The aliens didn’t land on Roswell, we landed on the aliens, and now they’re back with a vengeance. After the Roswell crash in 1947, the government built a group of five specially trained enforcers to raid alien bunkers and strong holds and take them down. But after years of inactivity, the team was retired, and they disbanded, becoming US citizens in search of another direction.
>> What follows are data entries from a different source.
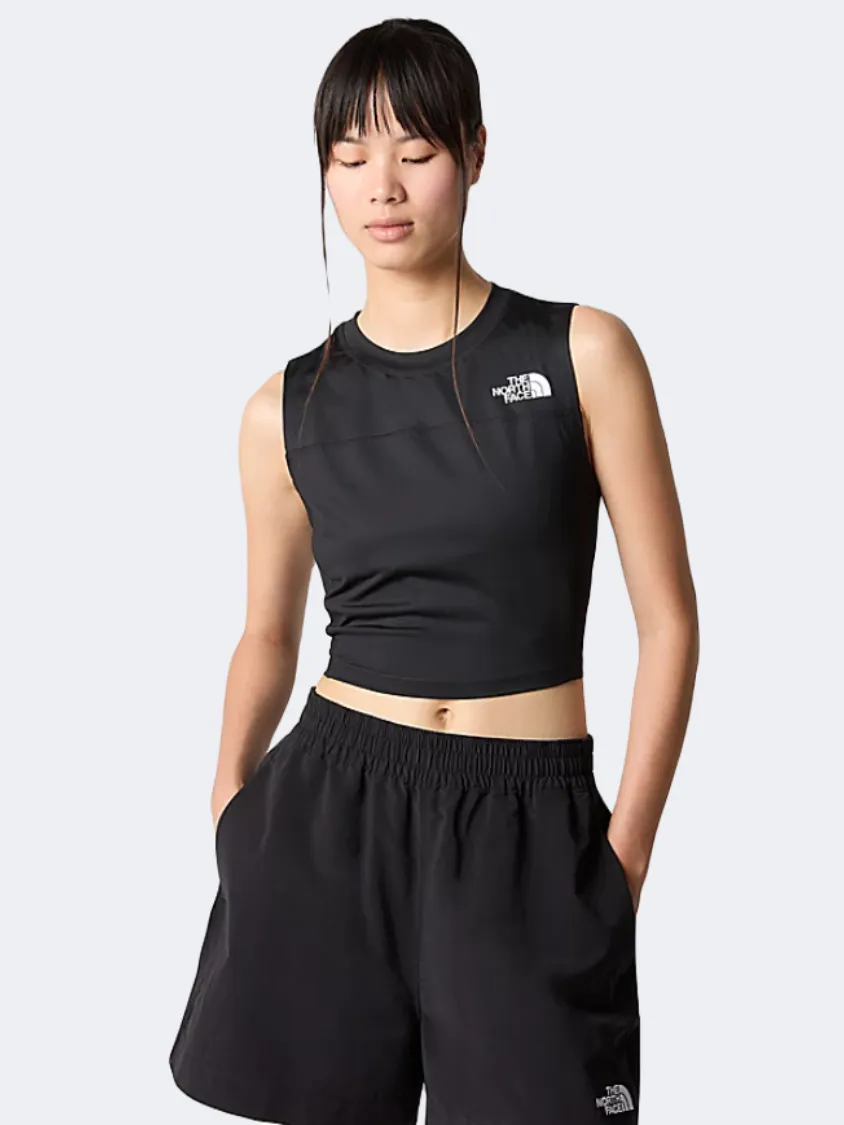 The North Face Extreme Poly Knit Women Lifestyle Tank Black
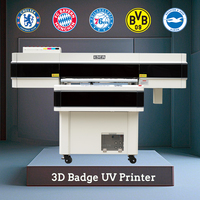 Impresora UV Plana 9060 A1 de 4 Cabezales I3200 para Impresión en Carcasas de Teléfono, Vidrio, Madera, Metal, Acrílico, Cerámica, Botellas y Cilindros
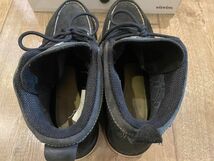 【1円】箱付 visvim HOLE MOC-TOE GORE-TEXコラボ レースアップブーツ レザー ハイキングブーツ 靴 wtaps M65 N3B fragment the north face_画像7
A surefire combination of “Red,” along with “Magnificent Seven,” David Flores’ science fiction actioner posits the question: If aliens landed on Roswell and were taken down, what did they originally intend if they didn’t want to invade? And why didn’t they come to Earth in full force? And if the aliens known as “greys” have their own drones that go in for them, why didn’t they send in the drones instead? In either case, “Invasion Roswell” tries hard to be an action movie, an alien invasion movie, and a comedy at the same time. If you think “The Expendables” and “Red” had its share of jokes about its middle aged cast, Flores and writers Jackson Stewart and Berkeley Anderson go whole hog with almost endless references to the age of the cast.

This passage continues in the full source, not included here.